Genetic surveillance has been difficult for many countries to keep up with. Resources and money are often the problem. Additionally, the US has been criticized for not doing enough genome sequencing to stay ahead of new strains that emerged earlier this year. In January, Diane Griffin, a microbiologist at Johns Hopkins, told Vox that it was embarrassing.

The US has since stepped up its genetic surveillance of SARS-CoV-2, bolstered by an influx of more than $1 billion to the Centers for Disease Control and Prevention, city health departments, and state governments to identify the specific variants of the virus in circulation. Officials also invested in creating reporting systems for SARS-CoV-2 genomes. US government labs this year have more than doubled their rate of genome sequencing. Private labs and academic institutions have also chipped in.

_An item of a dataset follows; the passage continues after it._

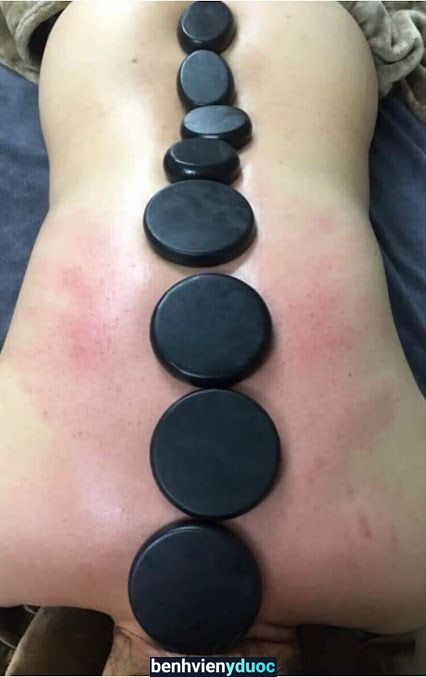 Mộc Beauty Spa Mình Thu - Chăm Sóc Sức Khỏe Và Làm Đẹp Hà Đông Hà Nội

US labs are now sequencing and reporting 29 genomes for every 1,000 Covid-19 cases detected, about 20,000 per week, which puts the US among the top 20 countries in the world. “We have very few blind spots in the US as a result of this,” Anderson told Vox.

Still, it takes the US a median time of 28 days to sequence these genomes and upload the results to international databases. Contrast that with the United Kingdom, which sequences 112 genomes per 1,000 cases, taking a median of 10 days to deposit their results. A delay of only a few days in detection can give variants time to silently spread within communities and across borders.

Massive gaps in Covid-19 genetic sequencing leave the world vulnerable to variants

The US and other wealthy countries are far ahead of the US and other large parts of the world in genome sequencing. Alina Chan, a molecular biologist at the Broad Institute, said in an email, “This means there is a delay in detecting and reporting novel variants in regions with low levels of sequencing and data sharing.”

Map of SARS-CoV-2 sequencing rates around the world.





Countries like the US are sequencing many more genomes of the SARS-CoV-2 virus than much of the rest of the world. That leaves openings for new Covid-19 variants to emerge undetected.


Other mutations in the SARS-CoV-2 virus may remain undetected due to shortfalls in genome sequencing in South America, Africa, and Asia. Whole-genome sequencing requires time and resources, it must also be balanced with other public health needs. The amount of money and lab capacity is limited in a pandemic, so health officials have to weigh testing, treatment, and vaccination against genetic surveillance.

“We can’t sequence every single person who tests positive,” says Emma Hodcroft, a molecular epidemiologist at the University of Bern. We’ll miss things like low-level circulating viruses.

Hodcroft and Andersen said the ideal benchmark would be to sequence 5 percent to 10 percent of the genomes in positive Covid-19 cases around the world. Yet, they admitted that this would be tough for countries with fewer resources. “Even getting a sequencing machine to a lot of these countries is a nightmare,” Hodcroft said. “We haven’t done a whole lot in this pandemic to support more global sequencing surveillance.”

Developing countries should also set up more genetic surveillance and reporting laboratories around the world in addition to sharing vaccines and tests for Covid-19 with developed countries. If not, another variant could emerge and undo some of the hard-fought progress against the virus.